The moves follow Tribune/WGN-TV disclosures that found dozens of people enrolled in state pension systems without holding state jobs. They ranged from employees of the Illinois Principals Association and other school groups that lobby state government to about 40 employees with the Special Olympics.
The discovery illustrated how private employees gained entrance into the worst-funded state retirement system in the nation with a pension debt approaching $100 billion.
Last week, Speaker Michael Madigan ushered through the House a sweeping proposal that advocates estimated would save the state more than $150 billion over the course of a 30-year catch-up plan to bring the systems to full funding.
The headline-grabbing elements of the Madigan legislation would raise the retirement age for younger employees to 67, increase the amount of money workers would contribute from their paychecks by 1 percent this July and another 1 percent a year later, and scale back the amount of cost-of-living increases by basing them in part on the number of years a person serves in a public job.
Madigan's proposal is now in the Senate, where a similar plan failed this session. Senate President John Cullerton, D-Chicago, has not promised the Madigan plan will get a vote, but the speaker has predicted passage in the Senate. Cullerton has touted a different methodology and is negotiating with unions that contend Madigan's proposal is unconstitutional because it reduces guaranteed benefits unilaterally.
Legal concerns also affect the part of the legislation taking aim at private employees in state plans. The Madigan plan would not remove outsiders already in the pension system but would apply going forward to newly hired members of those groups. The idea is that handling it that way could help the provision withstand a court challenge.
Gov. Pat Quinn, who has hailed the Madigan legislation, supports the ban on outsiders. Last year, the governor signed a law that cracked down on dozens of abuses of union members in Chicago-based and statewide unions.
"The governor has no tolerance for any private employee accessing a taxpayer-funded retirement.

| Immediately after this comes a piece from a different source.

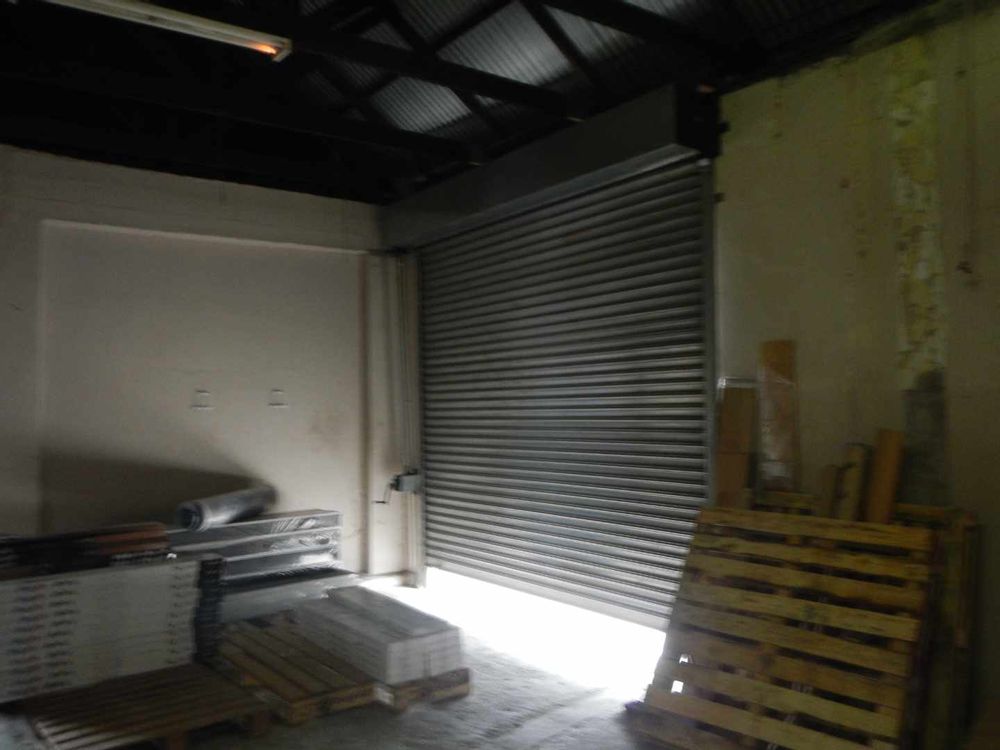 Roller shutter leading to lock up secure yard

It's wrong, and it needs to stop," said Brooke Anderson, Quinn's spokeswoman. "Public employee retirement systems are for public employees. Nobody else. This is another mess from decades of mismanagement that needs to be cleaned up, a loophole that needs to be closed."
The provisions in the bill mirror a proposal House Republicans have long backed and follow the successful push by GOP leader Rep. Tom Cross of Oswego to close other loopholes. His new law scaled back the potential benefits of two teacher union lobbyists who got into the public teacher retirement system after substituting in classrooms for one day and aimed to prevent lucrative moves made by Chicago-area union officials that allowed them to double-dip and land hefty retirement packages.
Rep. Elaine Nekritz, the Northbrook Democrat who serves as Madigan's point person on pensions, said the "whole goal" of the pension overhaul is to "make sure that public employees receive a pension."
"So we need to make sure that public employee pensions are focused on public employees," she said.